October 21, 2002
Directors Guild of America President Martha Coolidge today announced the winners of the DGA 2002 Student Film Awards for African-American, Asian-American, Latino and women filmmakers. The awards, which bring the winners prizes of $2,500 from the DGA along with product grants of 2,000 feet of 16mm film provided by Kodak's Worldwide Student Film Program to the winner in each group, and 1,200 feet of 16mm film to each honorable mention, are designed to honor, encourage and bring attention to outstanding minority and women film students in California film schools and other select universities. This is the eighth year the DGA Student Film Awards have been handed out.
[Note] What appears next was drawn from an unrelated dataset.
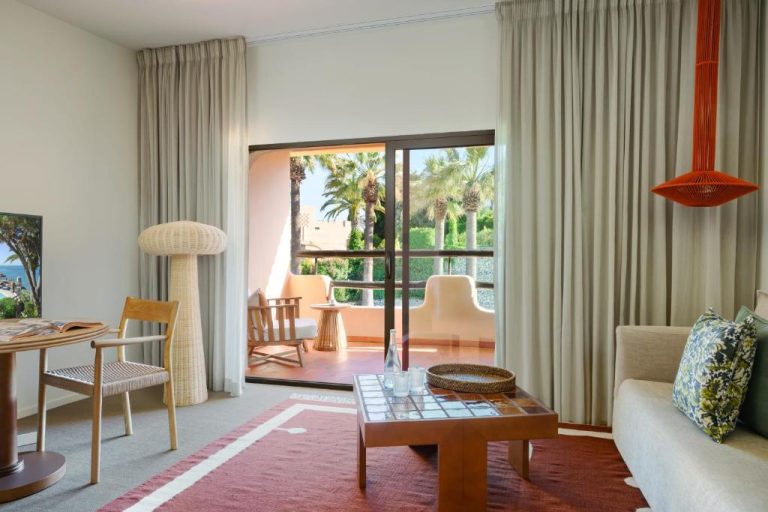Salón luminoso con terraza y vistas a palmeras en el Vilalara Grand Hotel Algarve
"These Awards highlight the achievements of the outstanding minority and women film students," said Coolidge. "Their work is proof that talent, vision and ability are limited neither by ethnicity nor gender. We look forward to seeing more of their work in the future as the DGA continues its ongoing commitment to promoting diversity in the entertainment industry."
The award-winning films will be screened and the awards presented at the 2002 DGA Student Film Awards on Tuesday, November 12, 2002, at 7:30 p.m., in Theatre 1 at DGA Headquarters, 7920 Sunset Boulevard. The screenings and awards presentation are open to the public. To RSVP, please call (310) 289-2033.
The winners in each category are:
- Winner: Sechaba Morojele - Ubuntu's Wounds - American Film Institute
- Honorable Mention: Mateen Kemet - Silence - Chapman University
- Winner: Grace Lee - Barrier Device - University of California Los Angeles
- Honorable Mention: Jon Chu - Gwai Lo: The Little Foreigner - University of Southern California
- Winner: Gerardo Naranjo Gonzalez - The Last Attack of the Beast - American Film Institute
- Honorable Mention: Joel Juarez - Sin Azul - University of California Los Angeles
- Winner: Tanja Mairitsch - Fueling the Fire - American Film Institute
- Honorable Mention: Robin Larsen - Out of Habit - University of California Los Angeles
The awards rules and procedures mandate that competing films must have been made in the 2001/2002 school year (September 2001 through August 2002), and must have been produced for course credit or under the supervision of a faculty member. Dramas, documentaries and experimental films are all eligible - animated films are not. Applicants must be enrolled in or be a recent (one year) graduate from an accredited post-secondary four-year institution in California or other selected university offering a degree in film or television. Eligible films are those in which a student held every major crew position. Productions in which a non-student, professional or a faculty member served as cinematographer, camera operator, sound recordist, editor, lighting director or screenwriter may be disqualified. Panels consisting of DGA members from the respective groups (African-American, Asian-American, Latino and women) reviewed the entries and selected the winners.